ACK managed clusters
ACK managed clusters do not contain master nodes. Therefore, you must install the Arena client on your on-premises machine, such as a computer that runs macOS. For more information, see Obtain the kubeconfig file of a cluster and use kubectl to connect to the cluster.
ACK dedicated clusters
Use SSH to log on to a master node of the ACK dedicated cluster and run the
arena
command on the node. For more information, see Use SSH to connect to the master nodes of an ACK dedicated cluster.NoteYou can run the kubectl get nodes command to check whether the configurations in the
kubeconfig
file are correct.To install the Arena client, run the corresponding command according to your operating system type (Linux or macOS) and processor architecture (amd64 or arm64).
Linux/amd64
# Download the Arena installation package. wget https://aliacs-k8s-cn-hangzhou.oss-cn-hangzhou.aliyuncs.com/arena/arena-installer-0.12.0-linux-amd64.tar.gz # Decompress the installation package. tar -zxvf arena-installer-0.12.0-linux-amd64.tar.gz # Install Arena. cd arena-installer-0.12.0-linux-amd64 bash install.sh --only-binary
Linux/arm64
# Download the Arena installation package. wget https://aliacs-k8s-cn-hangzhou.oss-cn-hangzhou.aliyuncs.com/arena/arena-installer-0.12.0-linux-arm64.tar.gz # Decompress the installation package. tar -zxvf arena-installer-0.12.0-linux-arm64.tar.gz # Install Arena. cd arena-installer-0.12.0-linux-arm64 bash install.sh --only-binary
macOS/amd64
# Download the Arena installation package. wget https://aliacs-k8s-cn-hangzhou.oss-cn-hangzhou.aliyuncs.com/arena/arena-installer-0.12.0-darwin-amd64.tar.gz # Decompress the installation package. tar -zxvf arena-installer-0.12.0-darwin-amd64.tar.gz # Install Arena. cd arena-installer-0.12.0-darwin-amd64 bash install.sh --only-binary
macOS/arm64
# Download the Arena installation package. wget https://aliacs-k8s-cn-hangzhou.oss-cn-hangzhou.aliyuncs.com/arena/arena-installer-0.12.0-darwin-arm64.tar.gz # Decompress the installation package. tar -zxvf arena-installer-0.12.0-darwin-arm64.tar.gz # Install Arena. cd arena-installer-0.12.0-darwin-arm64 bash install.sh --only-binary
Optional: Install bash-completion. The auto completion feature of bash-completion can automatically fill in partially typed commands. After you install bash-completion, you can press Tab in the CLI to automatically complete a partially typed command.
Install bash-completion.
bash-completion for CentOS or Linux
sudo yum install bash-completion -y
bash-completion for Debian or Ubuntu
sudo apt-get install bash-completion
macOS
brew install bash-completion@2
Enable the auto completion feature in the profile file.
Linux
echo "source <(arena completion bash)" >> ~/.bashrc chmod u+x ~/.bashrc
macOS
echo "source $(brew --prefix)/etc/profile.d/bash_completion.sh" >> ~/.bashrc
Step 2: Test whether Arena works as expected
You can perform the following steps to check whether Arena works as expected:
Run the following command to query the available GPU resources in the cluster:
arena top node
The output shows information about the nodes and GPUs. This indicates that Arena works as expected.

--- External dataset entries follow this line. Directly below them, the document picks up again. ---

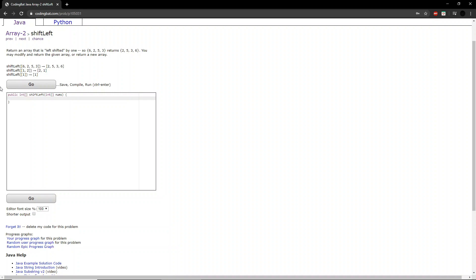Hello guys, welcome to another codingbat.com tutorial. Today we will be doing array 2, exercise shift left.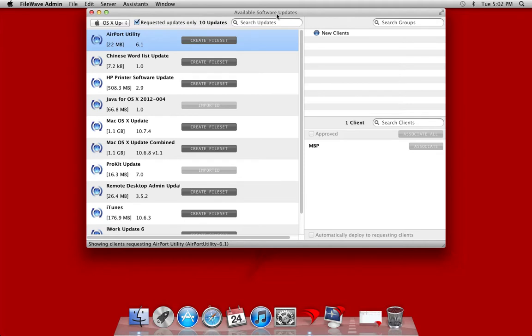The software update functionality in FileWave allows you to easily deploy software updates to your Mac or Windows clients. You can see here that I've loaded the software update tool built into the FileWave admin, and I can see all of the available updates that my clients are requesting.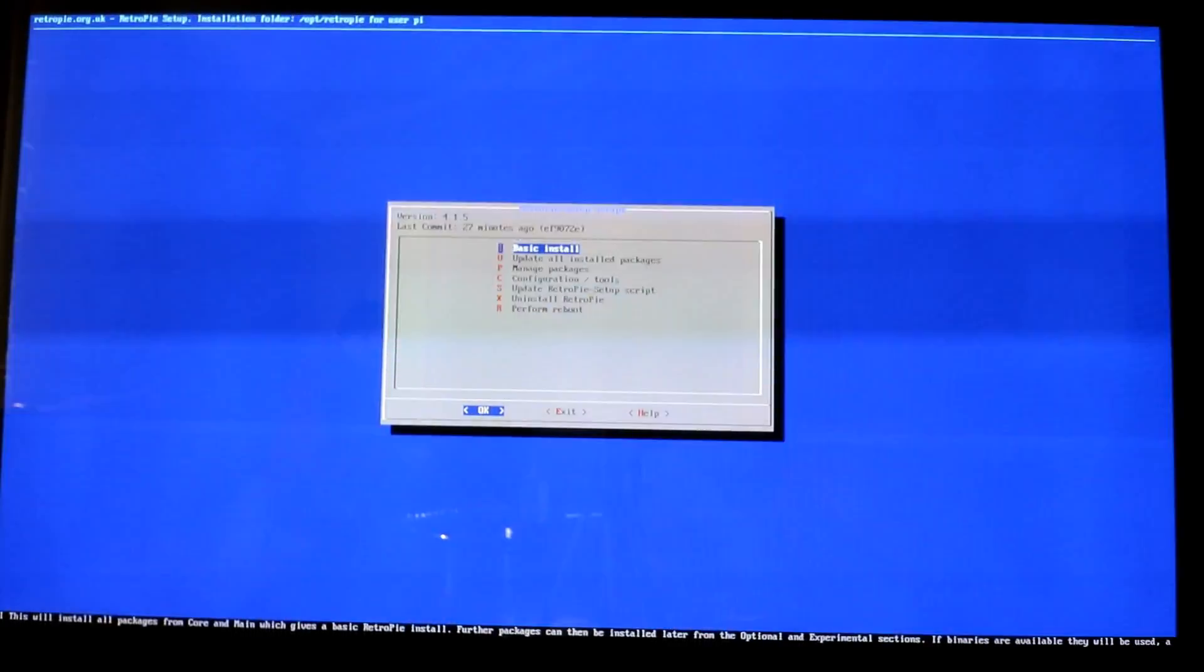This time go into Manage Packages. In order to do that we want to go into Optional Packages and then scroll down to 218, and we want to install the MSX and the MSX2 emulators.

NAME IPADDRESS ROLE STATUS GPU(Total) GPU(Allocated) cn-huhehaote.192.168.X.XXX 192.168.0.117 <none> ready 8 0 cn-huhehaote.192.168.X.XXX 192.168.0.118 <none> ready 8 0 cn-huhehaote.192.168.X.XXX 192.168.0.119 <none> ready 8 0 cn-huhehaote.192.169.X.XXX 192.168.0.120 <none> ready 8 0 ----------------------------------------------------------------------------------------- Allocated/Total GPUs In Cluster: 0/32 (0%)
Use Arena to submit a training job. The output shows that the job is submitted.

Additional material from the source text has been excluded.